What it actually feels like to work at the frontier


There’s a quote in a recent Wall Street Journal piece that I haven’t been able to shake.

Users of Claude’s Cowork feature described “a feeling of awe followed by sadness at the realization that the program could easily replicate expertise they had built up over an entire career.”

Awe followed by sadness. That’s not a product review. That’s an emotional arc.


The slot machine

The same article profiles Malte Ubl, chief technology officer at Vercel. He used Claude Code to complete a complex project in one week that would have taken him about a year without AI.

Read that again. One week versus one year.

Ubl spent ten hours a day on his vacation building software. He described each successful run as giving him “an endorphin rush akin to playing a Vegas slot machine.”

There’s something slightly manic in that image. The CTO of a major tech company, on holiday, pulling the lever over and over, chasing the rush of watching something work that shouldn’t work yet.

This is the capability overhang we’ve been talking about on the show — but felt from the inside. Not as a statistic about productivity gains, but as an experience. The discovery that the tools already do more than you assumed they could. The compulsion to keep pushing, keep testing, keep finding out where the ceiling actually is.


The sadness part

But then there’s the other half of that emotional arc. The sadness.

I’ve heard versions of this from people across different fields. Developers who watched Claude produce in minutes what used to take them days. Writers who saw it nail a tone they’d spent years developing. Analysts who fed it data and received back insights they would have been proud to present as their own.

The awe is real. But so is the disorientation.

What does it mean to have a skill if a tool can replicate it? What does expertise become when the years of accumulated knowledge can be approximated by something that learned it differently, faster, without the struggle that made it feel earned?

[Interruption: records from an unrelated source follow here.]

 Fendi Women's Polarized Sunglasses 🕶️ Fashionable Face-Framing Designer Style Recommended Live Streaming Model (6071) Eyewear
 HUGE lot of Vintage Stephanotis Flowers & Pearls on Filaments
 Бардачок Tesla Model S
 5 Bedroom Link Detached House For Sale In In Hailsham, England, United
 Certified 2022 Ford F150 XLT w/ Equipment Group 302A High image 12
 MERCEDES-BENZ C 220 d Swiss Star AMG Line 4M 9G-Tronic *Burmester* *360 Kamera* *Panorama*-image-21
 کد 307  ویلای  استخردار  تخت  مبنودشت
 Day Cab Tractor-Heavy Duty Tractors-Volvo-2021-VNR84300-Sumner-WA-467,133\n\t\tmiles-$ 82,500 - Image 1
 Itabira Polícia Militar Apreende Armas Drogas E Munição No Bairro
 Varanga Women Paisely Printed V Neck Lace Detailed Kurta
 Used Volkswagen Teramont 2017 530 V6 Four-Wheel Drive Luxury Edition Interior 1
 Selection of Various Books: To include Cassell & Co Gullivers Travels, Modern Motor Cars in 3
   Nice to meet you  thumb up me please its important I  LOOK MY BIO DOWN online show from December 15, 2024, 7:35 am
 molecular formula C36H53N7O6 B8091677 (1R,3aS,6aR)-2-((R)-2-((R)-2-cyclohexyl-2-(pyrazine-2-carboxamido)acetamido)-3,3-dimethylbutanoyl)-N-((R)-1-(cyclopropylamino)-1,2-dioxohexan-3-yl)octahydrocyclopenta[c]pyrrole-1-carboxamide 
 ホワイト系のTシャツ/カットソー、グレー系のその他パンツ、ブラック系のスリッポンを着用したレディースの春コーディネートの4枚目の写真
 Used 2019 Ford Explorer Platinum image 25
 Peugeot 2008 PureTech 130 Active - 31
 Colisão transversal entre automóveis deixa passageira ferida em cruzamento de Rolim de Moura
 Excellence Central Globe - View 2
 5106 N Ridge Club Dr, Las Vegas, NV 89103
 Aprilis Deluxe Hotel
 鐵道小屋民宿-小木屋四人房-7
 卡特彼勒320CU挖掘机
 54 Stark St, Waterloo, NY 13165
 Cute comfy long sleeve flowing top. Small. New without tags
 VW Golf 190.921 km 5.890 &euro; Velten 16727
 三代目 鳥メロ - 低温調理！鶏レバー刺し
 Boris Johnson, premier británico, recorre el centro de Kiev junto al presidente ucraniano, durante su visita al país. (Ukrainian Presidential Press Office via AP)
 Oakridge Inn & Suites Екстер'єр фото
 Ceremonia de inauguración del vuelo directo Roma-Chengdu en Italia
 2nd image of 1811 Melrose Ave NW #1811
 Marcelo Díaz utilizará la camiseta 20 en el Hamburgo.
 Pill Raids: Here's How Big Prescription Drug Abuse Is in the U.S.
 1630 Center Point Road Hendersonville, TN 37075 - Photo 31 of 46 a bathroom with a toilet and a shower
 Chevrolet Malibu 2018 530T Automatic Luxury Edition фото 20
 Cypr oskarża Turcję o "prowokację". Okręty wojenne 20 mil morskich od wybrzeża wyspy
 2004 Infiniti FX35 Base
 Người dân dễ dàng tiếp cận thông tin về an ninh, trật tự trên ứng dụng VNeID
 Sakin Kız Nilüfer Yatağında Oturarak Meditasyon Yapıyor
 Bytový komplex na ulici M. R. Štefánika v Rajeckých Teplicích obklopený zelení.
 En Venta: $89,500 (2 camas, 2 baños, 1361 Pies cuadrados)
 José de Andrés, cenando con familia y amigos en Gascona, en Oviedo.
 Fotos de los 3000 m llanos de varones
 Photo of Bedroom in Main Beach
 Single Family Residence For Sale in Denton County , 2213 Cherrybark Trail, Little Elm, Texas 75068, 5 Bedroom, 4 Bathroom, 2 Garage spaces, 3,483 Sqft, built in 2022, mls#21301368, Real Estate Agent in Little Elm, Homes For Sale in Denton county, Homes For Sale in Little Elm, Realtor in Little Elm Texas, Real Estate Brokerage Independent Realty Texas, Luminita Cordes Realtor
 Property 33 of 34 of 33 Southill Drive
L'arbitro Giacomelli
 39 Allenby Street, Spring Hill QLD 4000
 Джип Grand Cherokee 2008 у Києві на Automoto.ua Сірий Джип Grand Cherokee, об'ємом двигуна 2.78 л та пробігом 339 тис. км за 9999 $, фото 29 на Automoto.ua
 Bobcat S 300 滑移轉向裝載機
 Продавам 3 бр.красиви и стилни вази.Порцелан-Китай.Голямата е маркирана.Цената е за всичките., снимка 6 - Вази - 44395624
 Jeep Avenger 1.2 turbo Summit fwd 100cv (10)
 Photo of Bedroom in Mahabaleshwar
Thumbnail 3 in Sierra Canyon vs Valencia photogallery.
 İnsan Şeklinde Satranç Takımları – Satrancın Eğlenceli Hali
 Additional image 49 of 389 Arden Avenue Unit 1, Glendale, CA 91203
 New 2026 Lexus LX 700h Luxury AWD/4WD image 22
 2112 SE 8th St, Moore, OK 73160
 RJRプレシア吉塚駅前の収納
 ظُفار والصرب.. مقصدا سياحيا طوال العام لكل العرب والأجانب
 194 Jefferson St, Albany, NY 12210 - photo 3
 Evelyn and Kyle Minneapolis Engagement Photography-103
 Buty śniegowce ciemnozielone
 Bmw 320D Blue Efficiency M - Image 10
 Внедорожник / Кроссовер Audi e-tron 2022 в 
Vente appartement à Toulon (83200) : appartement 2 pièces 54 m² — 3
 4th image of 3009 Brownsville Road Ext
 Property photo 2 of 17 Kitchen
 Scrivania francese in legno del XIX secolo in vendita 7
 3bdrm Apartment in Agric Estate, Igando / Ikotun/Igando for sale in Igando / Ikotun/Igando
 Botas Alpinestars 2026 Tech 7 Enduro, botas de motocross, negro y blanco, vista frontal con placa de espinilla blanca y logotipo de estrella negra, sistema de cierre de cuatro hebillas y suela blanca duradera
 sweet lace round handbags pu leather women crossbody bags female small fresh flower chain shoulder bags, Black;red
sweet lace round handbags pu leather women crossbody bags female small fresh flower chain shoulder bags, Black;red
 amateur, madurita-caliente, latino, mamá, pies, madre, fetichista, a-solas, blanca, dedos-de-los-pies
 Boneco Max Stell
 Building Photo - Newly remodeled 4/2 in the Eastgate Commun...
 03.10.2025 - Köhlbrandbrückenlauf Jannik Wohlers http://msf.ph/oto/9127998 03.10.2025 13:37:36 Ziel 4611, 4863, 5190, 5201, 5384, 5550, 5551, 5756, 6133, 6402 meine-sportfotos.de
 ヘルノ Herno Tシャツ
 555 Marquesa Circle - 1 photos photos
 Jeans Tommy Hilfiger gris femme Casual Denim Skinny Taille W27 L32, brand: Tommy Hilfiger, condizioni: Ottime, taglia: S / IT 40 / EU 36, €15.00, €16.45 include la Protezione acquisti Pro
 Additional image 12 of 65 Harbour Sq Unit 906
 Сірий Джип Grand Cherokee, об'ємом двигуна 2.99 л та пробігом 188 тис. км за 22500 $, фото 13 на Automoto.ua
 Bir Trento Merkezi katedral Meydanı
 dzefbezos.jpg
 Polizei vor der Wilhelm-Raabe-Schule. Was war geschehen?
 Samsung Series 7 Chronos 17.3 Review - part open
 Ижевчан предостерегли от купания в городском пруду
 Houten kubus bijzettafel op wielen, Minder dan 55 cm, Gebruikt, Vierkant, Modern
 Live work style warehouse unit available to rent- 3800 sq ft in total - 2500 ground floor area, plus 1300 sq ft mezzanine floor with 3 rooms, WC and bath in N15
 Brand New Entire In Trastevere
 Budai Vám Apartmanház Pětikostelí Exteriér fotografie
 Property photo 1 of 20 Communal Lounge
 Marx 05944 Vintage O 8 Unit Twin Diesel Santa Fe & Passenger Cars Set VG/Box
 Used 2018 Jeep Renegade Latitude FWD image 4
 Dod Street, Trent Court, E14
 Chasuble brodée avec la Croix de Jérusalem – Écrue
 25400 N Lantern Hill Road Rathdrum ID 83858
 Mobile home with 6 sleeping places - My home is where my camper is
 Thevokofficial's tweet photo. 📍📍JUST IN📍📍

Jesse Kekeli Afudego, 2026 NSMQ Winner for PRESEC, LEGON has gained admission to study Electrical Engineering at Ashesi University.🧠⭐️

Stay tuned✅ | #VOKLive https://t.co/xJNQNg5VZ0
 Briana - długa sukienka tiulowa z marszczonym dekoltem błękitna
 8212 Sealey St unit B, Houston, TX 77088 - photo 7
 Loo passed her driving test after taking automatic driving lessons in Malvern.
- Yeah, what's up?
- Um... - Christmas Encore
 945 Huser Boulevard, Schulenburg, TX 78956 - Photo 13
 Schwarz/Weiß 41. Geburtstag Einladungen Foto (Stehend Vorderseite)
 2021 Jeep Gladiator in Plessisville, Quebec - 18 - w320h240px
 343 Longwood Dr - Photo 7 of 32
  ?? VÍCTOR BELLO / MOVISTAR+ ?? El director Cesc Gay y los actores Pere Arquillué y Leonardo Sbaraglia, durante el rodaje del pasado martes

These aren’t abstract questions. They’re what people are actually feeling, right now, as they discover what Claude can do.


The part nobody talks about

Here’s what I notice doesn’t get discussed much: how lonely this discovery can be.

If you’re deep in the Claude ecosystem — building with it, thinking about it, pushing its limits — you’re probably surrounded by people doing the same thing. The awe is shared. The excitement feeds on itself.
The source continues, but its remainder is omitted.